What are some examples of $O$ subtleties? I'm not only thinking of the asymmetry of the $O$ relation, but of the ways in which $O$ constants can depend on nearby parameters, and the fact that the notation suppresses this dependency. For example, if $g_k(x) = O(f_k(x))$ for $1 \leq k \leq n$, then $\sum_{1\leq k \leq n}g_k(x) = O(\sum_{1\leq k \leq n} |f_k(x)|)$, but only if the $O$ constants don't depend of the index of summation $k$.

Answer 1

but of the ways in which O constants can depend on nearby parameters, and the fact that the notation suppresses this dependency.

Tarjan's Algorithm runs in $O(V + E)$ time, where $V$ is the number of vertices in the graph and $E$ is the number of edges. Big-O notation doesn't suppress this dependency on multiple variables.

In your example, $A(x) \in O(1)$. That is, as $x \to \infty$, $A(x)$ is asymptotically bounded by a constant. I think your confusion lies in the variable usage. So let's define: $A(n)$ to be the partial sum: $A(n) = \sum_{j \leq n} a(j)$. So $A(n) \in O(1)$.

In particular, the O constant is independent of y.

The function is decreasing. So $f(x) > f(y)$. By the definition of Big-O, $\sum_{x < n \leq y} a(n)f(n) \leq |f(x)|$ (note $a(n) \in O(1)$ as $A(n) \in O(1))$, and so $\sum_{x < n \leq y} a(n) f(n) = O(f(x))$.

In the first case, I think we're allowed to just change letters (how can I be more confident of this?).

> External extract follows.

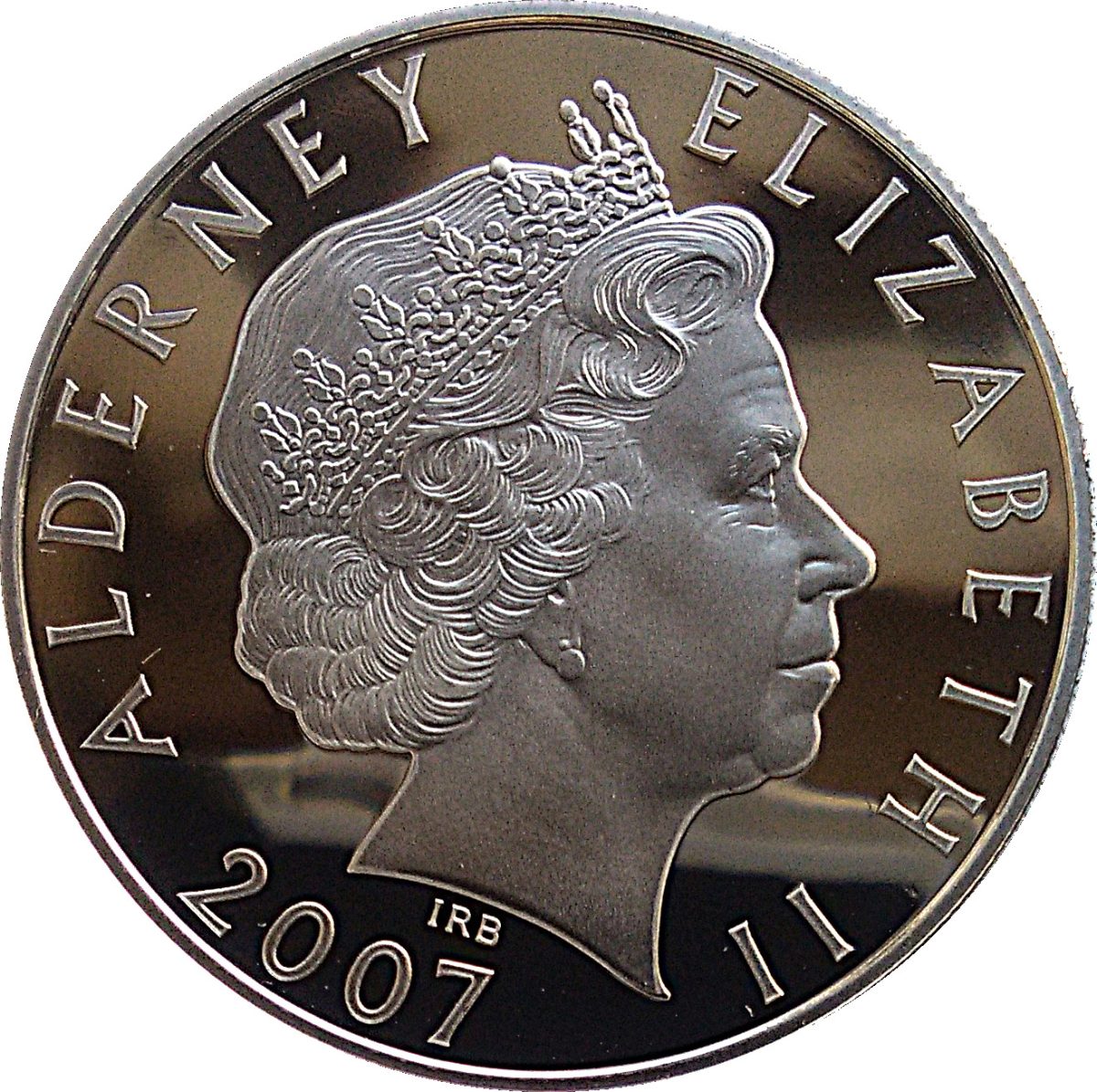 Alderney 5 Pounds - Elizabeth II Princess Diana; Silver Proof obverse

What is the first case here? I'm not exactly sure which equation you are referring to specifically.

Edit:

Case (1): $O(f(y)) = O(f(x))$. $f(y) \leq f(x)$ as $f$ is a decreasing function. Since $f$ is non-negative, by assumption, the result follows immediately from the definition of Big-O. Really, Big-O is defined over a function, so $f(y) \in \Theta(f(x))$ is a stronger statement.

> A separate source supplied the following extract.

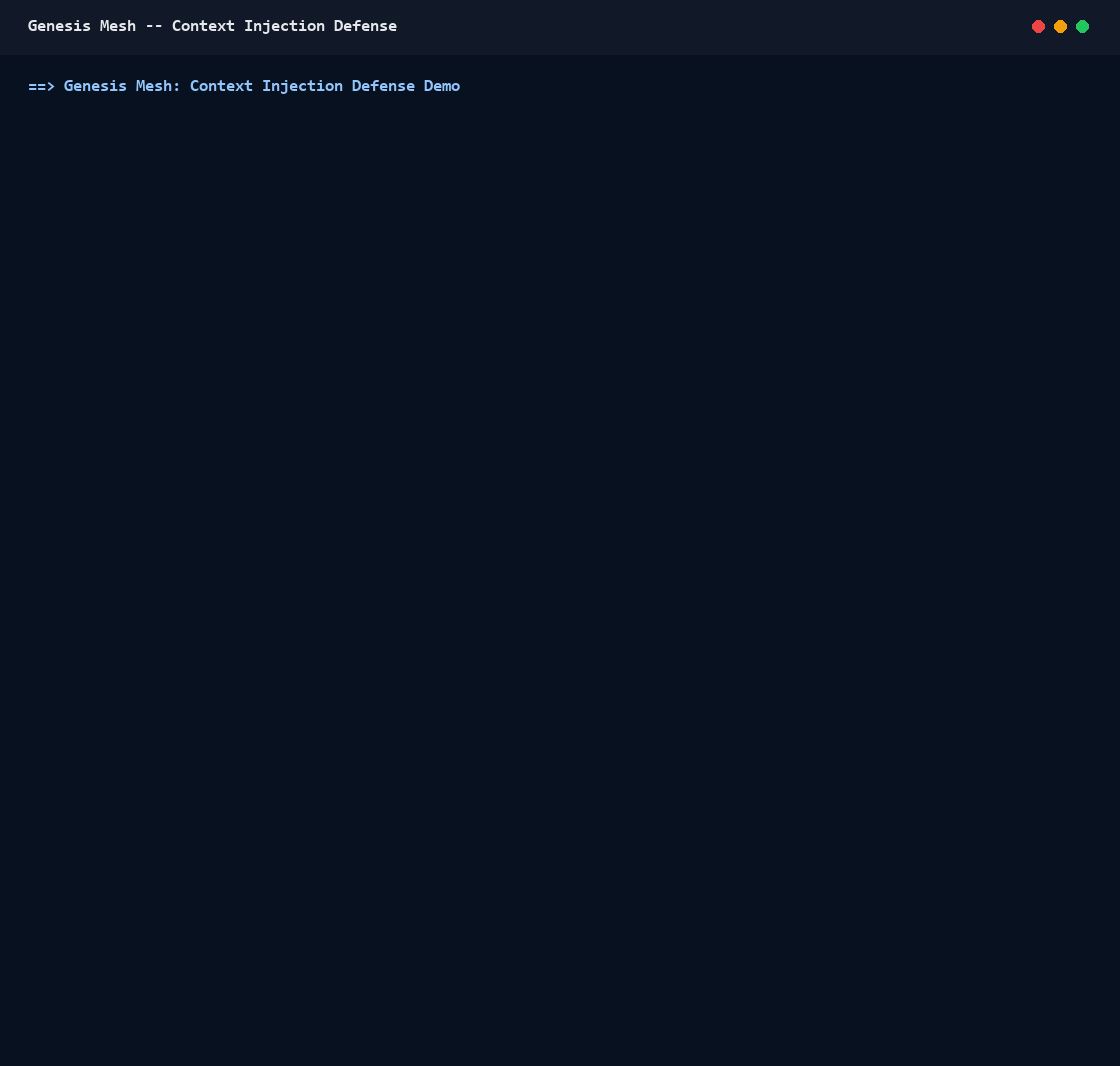Context injection defense demo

I don't really like how Big-O is being used here, but the convention is probably just to say that we have some constant multiplied by the function at $y$. That is, $O(f(y)) = c * f(y)$, for some constant $c$.

Answer 2

Here's another illustration, taken from Introduction to Analytic Number Theory by Tom Apostol (ml0105's answer refers to this). What I find potentially confusing about this example is the fact that there are two variables in play, $x$ and $y$, but the $O$ constant depends only on $x$; it also took me a while to see why the assumption that $f$ is decreasing is necessary. I've attempted to provide the details Apostol leaves out, and I'll be interpreting the = in an $O$ expression as $\subset$, as discussed in What are the rules for equals signs with big-O and little-o?

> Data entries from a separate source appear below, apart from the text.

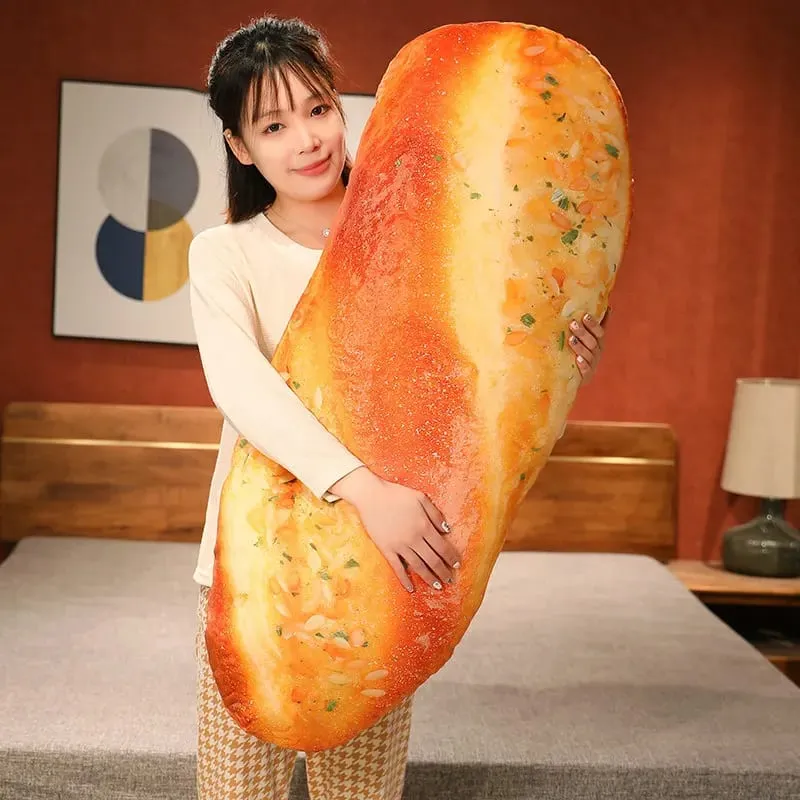 20/50cm Long Bread Pillow Stuffed Like Real Sesame S Cheese Denmark Toast Chopped Green Onion Sleeping Hug Support Leg Gift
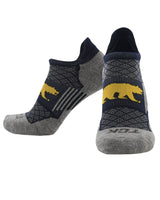 TCK socks California Golden Bears Tour No Show Tab Socks - Made in USA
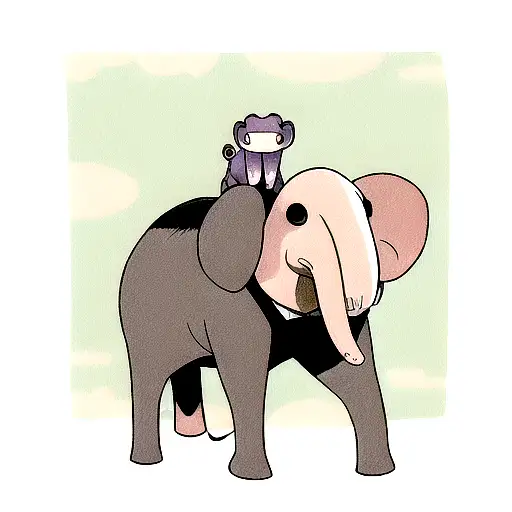 Elephant tattoo design idea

Theorem Suppose $f$ is a nonnegative, decreasing function defined on the positive real axis, and that $a(n)$ is an arithmetic function with partial sums $A(x) = \sum_{n\leq x}a(n)$ satisfying $A(x) = O(1)$. Then if $y>x$, $$ \sum_{x<n \leq y} a(n)f(n) = O(f(x)).$$

Proof By Abel's identity, we have

\begin{aligned} \sum_{x<n \leq y} a(n)f(n) & = f(y)A(y) - f(x)A(x) - \int_x^yA(t)f'(t)dt \\ & = f(y)O(1) - f(x)O(1) + \int_x^yO(1)(-f'(t))dt \\ & = O(f(y)) + O(f(x)) + \int_x^yO(-f'(t))dt. \\ \end{aligned}

We will be done if we can show that $O(f(y))$ and $\int_x^yO(-f'(t))dt$ are $O(f(x))$. In the first case, I think we're allowed to just change letters. To prove the second case, suppose $k(t) \in O(-f'(t))$, so that $\left|k(t)\right| \leq c(-f(t))$ for some constant $c >0$ and $t$ sufficiently large. Then

$$ \left|\int_x^y k(t) dt\right| \leq \int_x^y \left|k(t)\right| dt \leq \int_x^y c(-f(t)) dt = c(f(x) - f(y)) \leq c|f(x)|,$$

since $f'(s) < 0$ implies $0 \leq f(y) \leq f(x)$. This shows $\int_x^y k(t) dt \in O(f(x))$, so $\int_x^yO(-f'(t))dt = O(f(x)).$